The Indenture provides that if a Repurchase Event (as defined therein)
occurs, each Holder of Securities shall have the right, in accordance with the
provisions of the Indenture, to require the Company to repurchase all of such
Holder's Securities, or any portion thereof that is an integral multiple of
$1,000, for cash at a price equal to 100% of the principal amount of such
Securities to be repurchased, together with accrued interest to the Repurchase
Date, but any interest installment the Stated Maturity of which is on or prior
to such Repurchase Date will be payable to the Holders of such Securities, or
one or more Predecessor Securities, of record at the close of business on the
Regular Record Dates referred to on the face hereof, all as provided in the
Indenture.
In the event of redemption, conversion or repurchase of this Security in
part only, a new Security or Securities for the portion hereof not redeemed,
converted or repurchased will be issued in the name of the Holder hereof upon
the cancellation hereof.
The indebtedness evidenced by this Security is, to the extent provided in
the Indenture, subordinate and subject in right of payment to the prior payment
in full of all Senior Indebtedness (including, without limitation, the Company's
__% Senior Subordinated Notes due 2001), and this Security is issued subject to
the provisions of the Indenture with respect thereto.
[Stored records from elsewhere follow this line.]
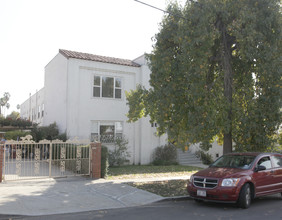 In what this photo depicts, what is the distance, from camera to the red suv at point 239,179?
7289 millimetres

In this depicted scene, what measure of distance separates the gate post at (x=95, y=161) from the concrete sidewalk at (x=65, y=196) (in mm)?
752

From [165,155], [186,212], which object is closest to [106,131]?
[165,155]

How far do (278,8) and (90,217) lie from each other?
9108mm

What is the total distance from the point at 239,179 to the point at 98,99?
433 inches

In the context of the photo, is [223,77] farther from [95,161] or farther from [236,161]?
[95,161]

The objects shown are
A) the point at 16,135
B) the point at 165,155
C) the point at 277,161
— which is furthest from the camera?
the point at 16,135

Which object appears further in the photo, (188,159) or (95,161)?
(188,159)

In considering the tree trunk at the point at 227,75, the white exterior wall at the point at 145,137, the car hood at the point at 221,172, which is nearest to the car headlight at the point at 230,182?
the car hood at the point at 221,172

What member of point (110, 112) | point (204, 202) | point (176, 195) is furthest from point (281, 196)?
point (110, 112)

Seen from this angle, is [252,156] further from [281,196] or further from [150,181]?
[150,181]

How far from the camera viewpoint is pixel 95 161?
11695mm

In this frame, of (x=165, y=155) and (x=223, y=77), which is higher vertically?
(x=223, y=77)

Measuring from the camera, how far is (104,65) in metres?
16.8

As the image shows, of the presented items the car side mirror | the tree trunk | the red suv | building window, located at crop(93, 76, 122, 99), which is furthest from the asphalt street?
building window, located at crop(93, 76, 122, 99)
Each Holder of this
Security, by accepting the same, (a) agrees to and shall be bound by such
provisions, (b) authorizes and directs the Trustee on his behalf to take such
action as may be necessary or appropriate to effectuate the subordination so
provided and (c) appoints the Trustee his attorney-in-fact for any and all such
purposes.
If an Event of Default shall occur and be continuing, the principal of all
the Securities may be declared due and payable in the manner and with the effect
provided in the Indenture.
As provided in and subject to the provisions of the Indenture, the Holder
of this Security shall not have the right to institute any proceeding with
respect to the Indenture or for the appointment of a receiver or trustee or for
any other remedy thereunder, unless such Holder shall have previously given the
Trustee written notice of a continuing Event of Default with respect to the
Securities, the Holders of not less than 25% in principal amount of the
Securities at the time Outstanding shall have made written request to the
Trustee and offered the Trustee reasonable indemnity, and the Trustee shall not
have received from the Holders of a majority in principal amount at the time
Outstanding a written direction inconsistent with such request, and shall have
failed to institute any such proceeding, for 60 days after receipt of such
notice, request and offer of indemnity. The foregoing shall not apply to any
suit instituted by the Holder of this Security for the enforcement of any
payment of principal hereof or any premium or interest hereon on or after the
respective due dates expressed herein or of the right to convert this Security
in accordance with the Indenture.
The Indenture permits, with certain exceptions as therein provided, the
amendment thereof and the modification of the rights and obligations of the
Company and the rights of the Holders of the Securities under the Indenture at
any time by the Company and the Trustee with the consent of the Holders of a
majority in aggregate principal amount of the Securities at the time
Outstanding. The Indenture also contains provisions permitting the Holders of
specified percentages in aggregate principal amount of the Securities at the
time Outstanding, on behalf of the Holders of all the Securities, to waive
compliance by the Company with certain provisions of the Indenture and certain
past defaults under the Indenture and their consequences. Any such consent or
waiver by the Holder of this Security shall be conclusive and binding upon such
Holder and upon all future Holders of this Security and of any Security issued
upon the registration of transfer hereof or in exchange herefor or in lieu
hereof, whether or not notation of such consent or waiver is made upon this
Security.
No reference herein to the Indenture and no provision of this Security or
of the Indenture shall alter or impair the obligation of the Company, which is
absolute and unconditional, to pay the principal of (and premium, if any) and
interest on this Security at the times, place and rate, and in the coin or
currency, herein prescribed or to convert this Security as provided in the
Indenture.
As provided in the Indenture and subject to certain limitations therein set
forth, the transfer of this Security is registrable in the Security Register,
upon surrender of this Security for registration of transfer at the office or
agency of the Company in any place where the principal of (and premium, if any)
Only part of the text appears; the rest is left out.